_Assignment_.
Your task is to return exactly the lines that run from the one containing "Framendino Mini Wood" through the end of the listing below, without any pictures.

_Source information_.
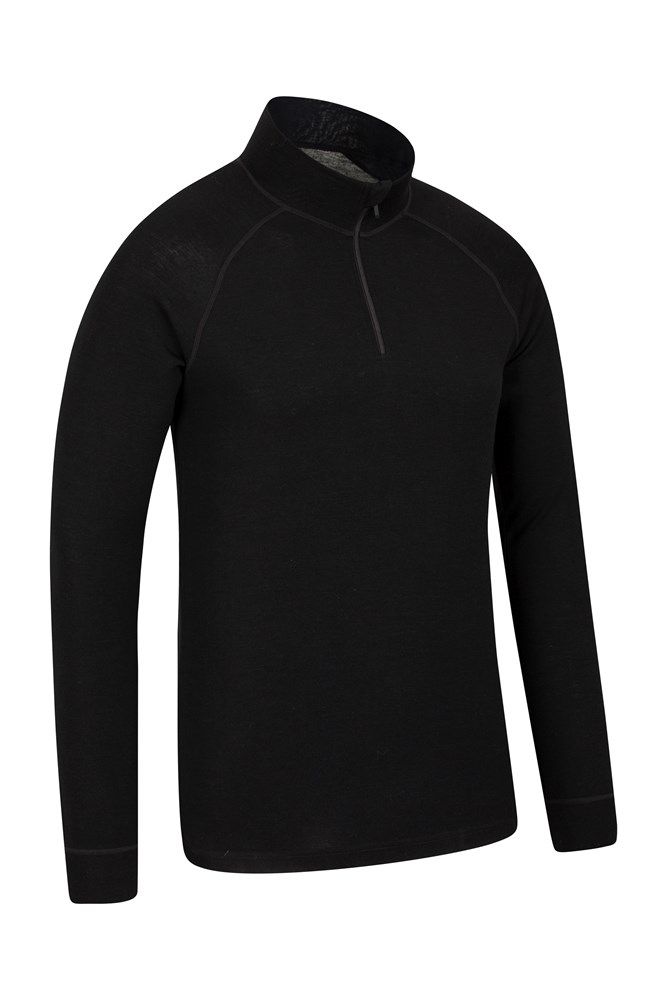 Merino Mens Long Sleeved Zip Neck Top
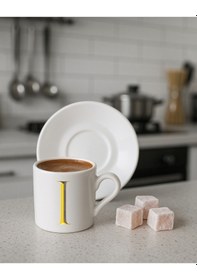 Resim Türk Kahvesi Fincanı Baş Harf Baskılı Beyaz - Altın44 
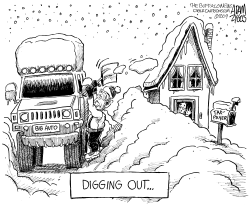DIGGING OUT BIG AUTO by Adam Zyglis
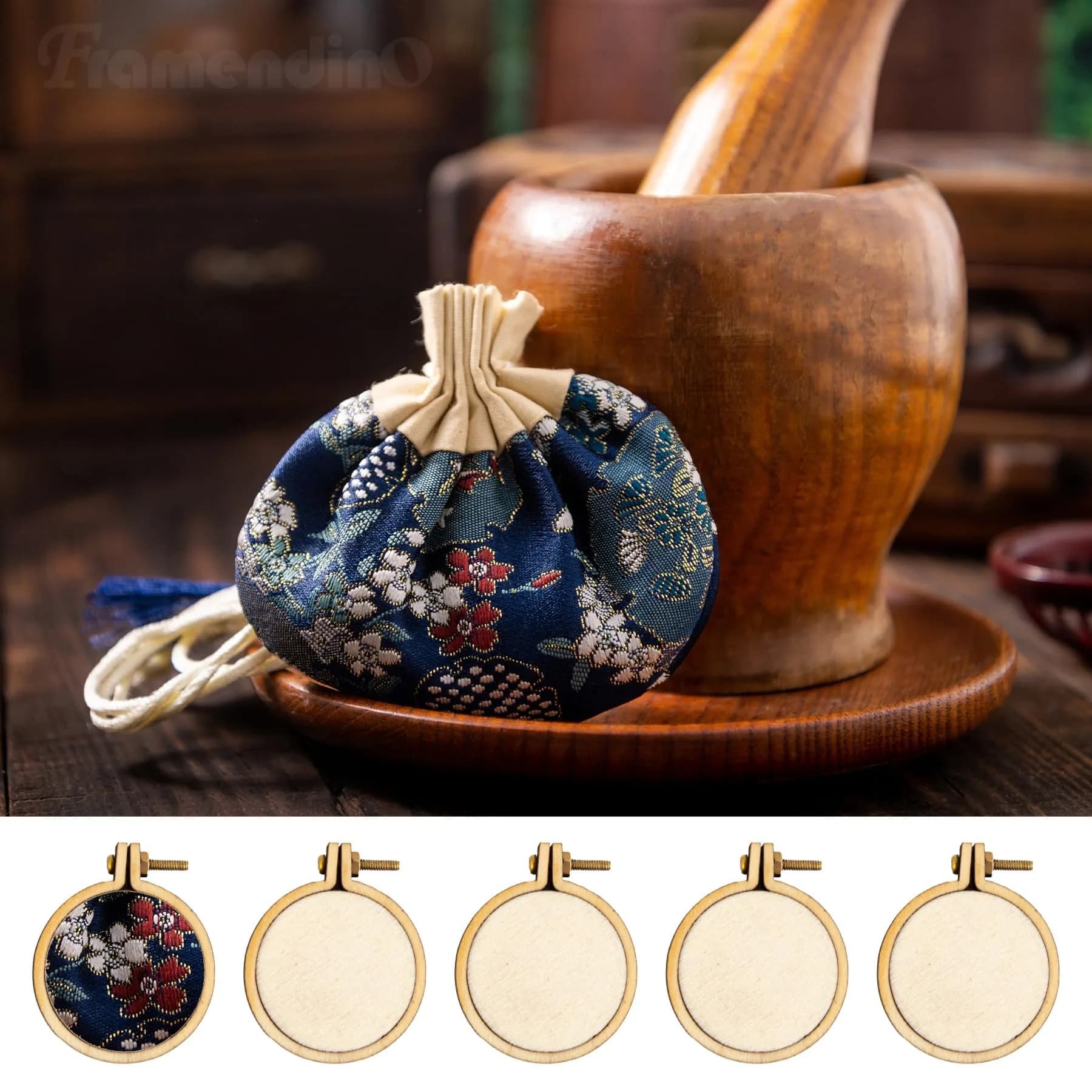 Framendino Mini Wood Embroidery Hoops 1.38x1.18 Inch (10 Pack) | DIY Pendant Keychain Frames - view 7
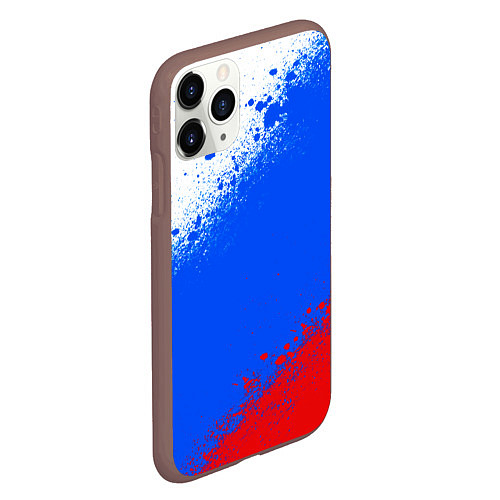 Чехол iPhone 11 Pro матовый Флаг России - триколор / 3D-Коричневый – фото 2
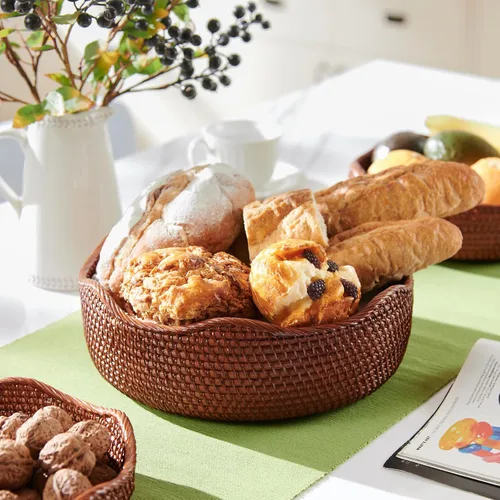 Vista 4 de YANGQIHOME Cestas redondas de ratán para frutas, tazones de almacenamiento de mimbre, cestas de servir tejidas naturales, cestas decorativas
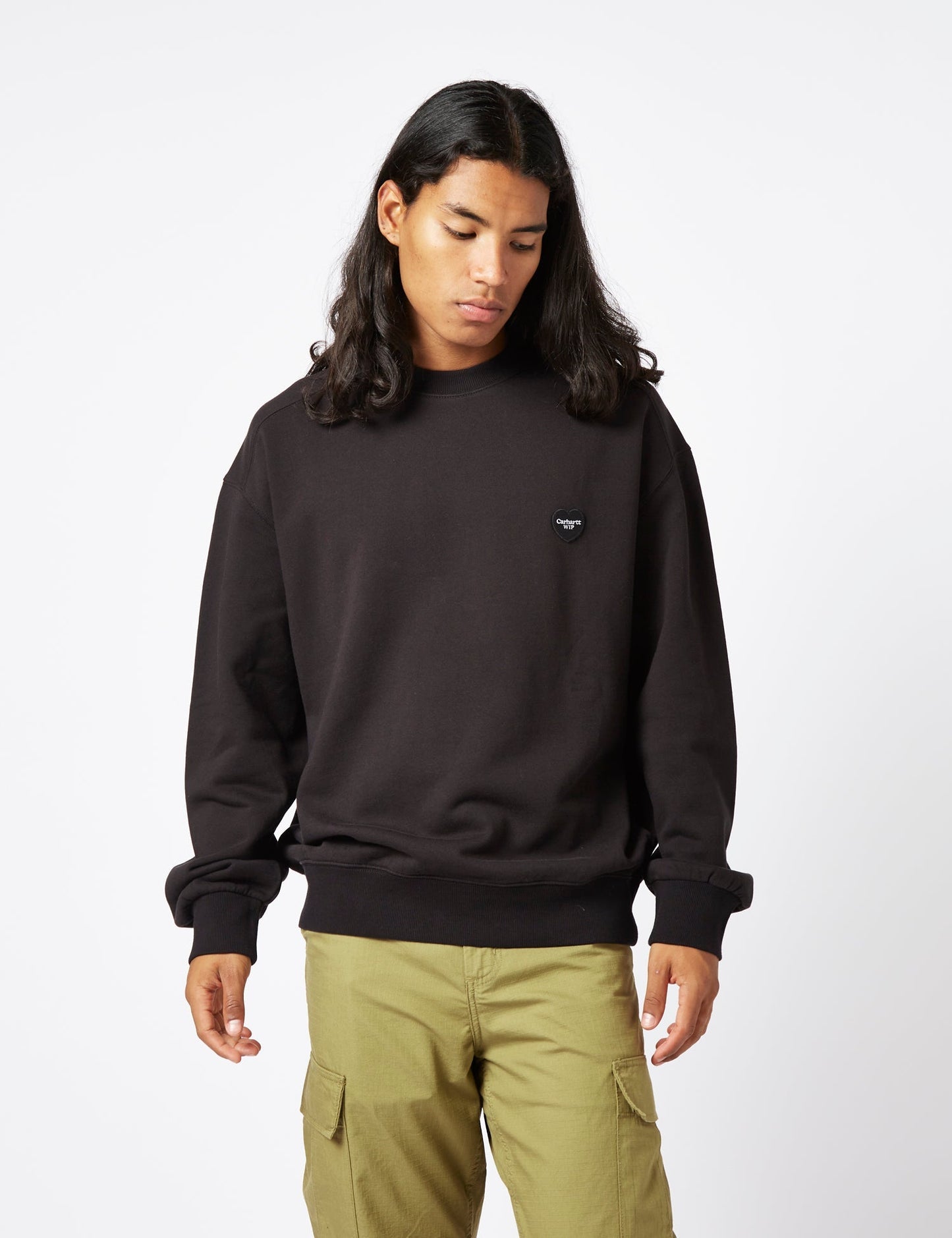 Sweatshirt mit Herz-Applikation – Dusty Hamilton Brown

_Output for this task_.
 Framendino Mini Wood Embroidery Hoops 1.38x1.18 Inch (10 Pack) | DIY Pendant Keychain Frames - view 7
 Чехол iPhone 11 Pro матовый Флаг России - триколор / 3D-Коричневый – фото 2
 Vista 4 de YANGQIHOME Cestas redondas de ratán para frutas, tazones de almacenamiento de mimbre, cestas de servir tejidas naturales, cestas decorativas
 Sweatshirt mit Herz-Applikation – Dusty Hamilton Brown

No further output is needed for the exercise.